Work item ::
Quote exactly and only this range of lines in the data below: the line that holds "Αυτοψία Ε. Λέκκα" to the line that holds "1847 Crossbill Loop", both included.

Records for the exercise ::
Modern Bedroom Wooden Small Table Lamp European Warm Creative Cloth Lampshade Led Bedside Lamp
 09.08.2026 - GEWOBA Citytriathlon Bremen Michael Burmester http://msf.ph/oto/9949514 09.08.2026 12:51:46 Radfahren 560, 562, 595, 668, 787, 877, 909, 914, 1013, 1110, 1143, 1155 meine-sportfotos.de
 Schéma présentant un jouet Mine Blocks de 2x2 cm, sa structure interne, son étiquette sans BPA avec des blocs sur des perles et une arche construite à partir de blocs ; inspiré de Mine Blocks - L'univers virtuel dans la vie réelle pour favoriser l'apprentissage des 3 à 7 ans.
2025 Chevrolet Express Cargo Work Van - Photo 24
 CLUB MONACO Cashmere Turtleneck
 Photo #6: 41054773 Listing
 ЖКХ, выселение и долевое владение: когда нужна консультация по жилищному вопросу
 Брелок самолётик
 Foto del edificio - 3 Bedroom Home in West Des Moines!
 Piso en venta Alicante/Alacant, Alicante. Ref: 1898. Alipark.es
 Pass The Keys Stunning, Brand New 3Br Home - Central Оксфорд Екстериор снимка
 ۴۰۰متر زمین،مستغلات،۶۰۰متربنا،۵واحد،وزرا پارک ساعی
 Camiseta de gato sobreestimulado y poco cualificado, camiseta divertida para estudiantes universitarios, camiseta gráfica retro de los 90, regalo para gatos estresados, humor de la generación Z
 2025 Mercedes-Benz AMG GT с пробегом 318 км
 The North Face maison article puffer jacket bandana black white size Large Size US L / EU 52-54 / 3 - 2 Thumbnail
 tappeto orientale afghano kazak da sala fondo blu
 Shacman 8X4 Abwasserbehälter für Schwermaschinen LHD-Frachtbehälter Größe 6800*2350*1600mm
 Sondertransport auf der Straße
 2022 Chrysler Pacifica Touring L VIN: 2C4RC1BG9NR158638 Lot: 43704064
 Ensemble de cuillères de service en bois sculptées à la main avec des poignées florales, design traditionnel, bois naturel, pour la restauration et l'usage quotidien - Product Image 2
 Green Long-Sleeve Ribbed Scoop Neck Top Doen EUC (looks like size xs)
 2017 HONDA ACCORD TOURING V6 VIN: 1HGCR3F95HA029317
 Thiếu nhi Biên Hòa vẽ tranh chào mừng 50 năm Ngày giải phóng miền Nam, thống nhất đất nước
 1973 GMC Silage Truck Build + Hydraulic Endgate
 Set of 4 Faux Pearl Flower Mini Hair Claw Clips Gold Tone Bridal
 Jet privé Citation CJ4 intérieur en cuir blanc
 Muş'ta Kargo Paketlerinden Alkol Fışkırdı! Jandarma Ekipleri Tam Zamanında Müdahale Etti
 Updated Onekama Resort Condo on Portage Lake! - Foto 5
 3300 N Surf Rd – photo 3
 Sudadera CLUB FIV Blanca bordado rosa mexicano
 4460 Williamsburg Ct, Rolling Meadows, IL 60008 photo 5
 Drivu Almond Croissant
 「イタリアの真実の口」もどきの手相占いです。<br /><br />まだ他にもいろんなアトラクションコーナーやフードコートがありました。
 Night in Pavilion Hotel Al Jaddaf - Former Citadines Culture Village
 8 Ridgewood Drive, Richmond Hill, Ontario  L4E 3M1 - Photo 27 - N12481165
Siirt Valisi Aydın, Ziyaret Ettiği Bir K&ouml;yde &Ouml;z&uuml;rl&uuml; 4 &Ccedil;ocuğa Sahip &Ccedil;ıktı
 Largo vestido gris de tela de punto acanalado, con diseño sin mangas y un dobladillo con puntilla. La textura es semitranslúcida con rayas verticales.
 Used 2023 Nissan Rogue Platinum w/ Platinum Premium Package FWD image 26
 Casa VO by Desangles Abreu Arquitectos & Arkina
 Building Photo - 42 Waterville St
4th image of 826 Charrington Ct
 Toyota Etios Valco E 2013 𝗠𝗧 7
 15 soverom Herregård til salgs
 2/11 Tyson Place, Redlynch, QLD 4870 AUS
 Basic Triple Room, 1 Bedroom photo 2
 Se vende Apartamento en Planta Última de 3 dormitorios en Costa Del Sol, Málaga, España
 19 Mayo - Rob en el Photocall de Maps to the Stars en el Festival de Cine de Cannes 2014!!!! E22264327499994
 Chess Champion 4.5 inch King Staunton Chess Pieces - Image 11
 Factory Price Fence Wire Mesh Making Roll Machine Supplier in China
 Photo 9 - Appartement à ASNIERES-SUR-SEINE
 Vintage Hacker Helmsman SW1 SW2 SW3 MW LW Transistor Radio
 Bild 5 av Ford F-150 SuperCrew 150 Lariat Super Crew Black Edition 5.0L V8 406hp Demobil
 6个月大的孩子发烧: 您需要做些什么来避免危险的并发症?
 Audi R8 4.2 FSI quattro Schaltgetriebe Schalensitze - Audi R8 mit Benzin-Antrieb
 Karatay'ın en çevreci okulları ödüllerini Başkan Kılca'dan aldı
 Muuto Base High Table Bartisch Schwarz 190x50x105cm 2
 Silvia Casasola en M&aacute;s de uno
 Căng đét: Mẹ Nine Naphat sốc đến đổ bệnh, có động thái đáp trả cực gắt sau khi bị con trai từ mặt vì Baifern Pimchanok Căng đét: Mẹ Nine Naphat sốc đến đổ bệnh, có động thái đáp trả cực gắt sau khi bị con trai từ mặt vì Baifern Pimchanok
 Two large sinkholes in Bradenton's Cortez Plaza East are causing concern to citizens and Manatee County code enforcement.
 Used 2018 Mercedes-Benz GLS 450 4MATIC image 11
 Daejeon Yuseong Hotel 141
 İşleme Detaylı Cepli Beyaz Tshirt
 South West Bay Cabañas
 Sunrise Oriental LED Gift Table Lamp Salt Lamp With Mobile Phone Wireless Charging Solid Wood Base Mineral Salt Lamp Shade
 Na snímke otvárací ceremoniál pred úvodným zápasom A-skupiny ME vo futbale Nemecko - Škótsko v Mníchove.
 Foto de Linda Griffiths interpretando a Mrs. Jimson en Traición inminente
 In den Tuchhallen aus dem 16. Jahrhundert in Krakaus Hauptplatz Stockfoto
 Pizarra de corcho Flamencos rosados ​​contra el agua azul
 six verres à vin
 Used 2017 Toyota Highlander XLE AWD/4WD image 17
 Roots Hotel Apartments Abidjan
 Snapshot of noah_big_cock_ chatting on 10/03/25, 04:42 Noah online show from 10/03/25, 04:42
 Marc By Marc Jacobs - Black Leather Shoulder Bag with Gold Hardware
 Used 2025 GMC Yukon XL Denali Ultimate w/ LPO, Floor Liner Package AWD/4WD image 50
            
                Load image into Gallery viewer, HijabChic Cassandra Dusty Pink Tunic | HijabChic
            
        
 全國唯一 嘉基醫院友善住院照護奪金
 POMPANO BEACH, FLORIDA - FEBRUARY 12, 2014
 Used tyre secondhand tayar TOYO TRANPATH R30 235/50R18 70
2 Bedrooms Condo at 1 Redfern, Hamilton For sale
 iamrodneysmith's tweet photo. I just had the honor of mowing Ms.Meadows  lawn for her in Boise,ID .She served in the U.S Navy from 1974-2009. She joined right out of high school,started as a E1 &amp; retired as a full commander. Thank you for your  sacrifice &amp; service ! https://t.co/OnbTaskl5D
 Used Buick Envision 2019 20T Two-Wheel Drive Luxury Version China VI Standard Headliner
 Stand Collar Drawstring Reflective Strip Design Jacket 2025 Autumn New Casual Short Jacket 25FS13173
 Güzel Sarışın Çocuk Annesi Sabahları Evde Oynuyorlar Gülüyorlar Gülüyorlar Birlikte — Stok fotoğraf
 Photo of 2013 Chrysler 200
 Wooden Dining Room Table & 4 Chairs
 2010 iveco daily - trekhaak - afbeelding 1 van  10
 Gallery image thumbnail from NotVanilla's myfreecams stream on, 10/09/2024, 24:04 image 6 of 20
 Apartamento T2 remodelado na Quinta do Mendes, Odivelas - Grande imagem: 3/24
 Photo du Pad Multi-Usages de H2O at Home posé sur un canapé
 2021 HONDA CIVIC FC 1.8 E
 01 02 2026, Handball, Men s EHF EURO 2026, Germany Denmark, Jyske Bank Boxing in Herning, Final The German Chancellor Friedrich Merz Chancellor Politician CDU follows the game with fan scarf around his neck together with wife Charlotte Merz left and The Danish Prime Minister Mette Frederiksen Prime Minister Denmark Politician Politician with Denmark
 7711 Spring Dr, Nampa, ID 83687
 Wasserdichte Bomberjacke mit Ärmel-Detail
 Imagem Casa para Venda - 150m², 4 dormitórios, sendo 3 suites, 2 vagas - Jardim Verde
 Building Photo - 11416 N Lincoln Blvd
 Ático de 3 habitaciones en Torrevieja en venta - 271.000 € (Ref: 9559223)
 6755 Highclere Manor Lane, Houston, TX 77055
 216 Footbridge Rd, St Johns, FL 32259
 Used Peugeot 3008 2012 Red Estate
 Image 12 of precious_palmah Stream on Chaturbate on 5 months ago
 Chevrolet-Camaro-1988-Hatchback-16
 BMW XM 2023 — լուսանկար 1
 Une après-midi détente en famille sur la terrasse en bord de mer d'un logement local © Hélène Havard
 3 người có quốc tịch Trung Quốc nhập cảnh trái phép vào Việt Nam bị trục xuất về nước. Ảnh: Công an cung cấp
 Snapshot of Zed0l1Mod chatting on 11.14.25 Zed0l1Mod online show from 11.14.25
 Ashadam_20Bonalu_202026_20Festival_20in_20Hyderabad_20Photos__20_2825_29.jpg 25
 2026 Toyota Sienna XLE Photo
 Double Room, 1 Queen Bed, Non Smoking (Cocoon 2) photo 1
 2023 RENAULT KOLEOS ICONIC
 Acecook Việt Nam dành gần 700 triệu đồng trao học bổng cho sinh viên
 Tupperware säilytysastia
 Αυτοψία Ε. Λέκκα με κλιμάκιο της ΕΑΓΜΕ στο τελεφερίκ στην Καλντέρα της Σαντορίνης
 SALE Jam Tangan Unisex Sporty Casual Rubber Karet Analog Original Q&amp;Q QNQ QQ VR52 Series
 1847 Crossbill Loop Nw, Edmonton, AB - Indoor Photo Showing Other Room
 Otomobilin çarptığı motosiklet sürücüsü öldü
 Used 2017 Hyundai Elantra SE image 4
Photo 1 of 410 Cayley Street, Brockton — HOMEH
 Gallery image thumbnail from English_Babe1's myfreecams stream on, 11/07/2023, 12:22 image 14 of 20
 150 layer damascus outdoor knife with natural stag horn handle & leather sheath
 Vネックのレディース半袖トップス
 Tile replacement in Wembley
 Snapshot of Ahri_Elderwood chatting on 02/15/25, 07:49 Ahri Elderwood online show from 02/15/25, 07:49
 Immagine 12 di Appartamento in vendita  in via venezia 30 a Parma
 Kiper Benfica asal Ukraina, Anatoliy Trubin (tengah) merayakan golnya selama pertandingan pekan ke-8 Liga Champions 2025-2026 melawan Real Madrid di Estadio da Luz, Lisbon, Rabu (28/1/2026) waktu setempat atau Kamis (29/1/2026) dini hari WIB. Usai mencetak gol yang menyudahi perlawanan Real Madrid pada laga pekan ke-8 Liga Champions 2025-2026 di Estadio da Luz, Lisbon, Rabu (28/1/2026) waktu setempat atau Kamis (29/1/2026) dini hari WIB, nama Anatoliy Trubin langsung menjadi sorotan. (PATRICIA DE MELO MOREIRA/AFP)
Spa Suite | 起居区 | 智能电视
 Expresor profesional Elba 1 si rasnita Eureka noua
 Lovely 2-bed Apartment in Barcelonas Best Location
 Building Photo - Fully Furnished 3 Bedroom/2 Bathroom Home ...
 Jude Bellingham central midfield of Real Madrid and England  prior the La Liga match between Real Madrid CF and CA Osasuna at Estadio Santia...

Result of this task ::
 Αυτοψία Ε. Λέκκα με κλιμάκιο της ΕΑΓΜΕ στο τελεφερίκ στην Καλντέρα της Σαντορίνης
 SALE Jam Tangan Unisex Sporty Casual Rubber Karet Analog Original Q&amp;Q QNQ QQ VR52 Series
 1847 Crossbill Loop Nw, Edmonton, AB - Indoor Photo Showing Other Room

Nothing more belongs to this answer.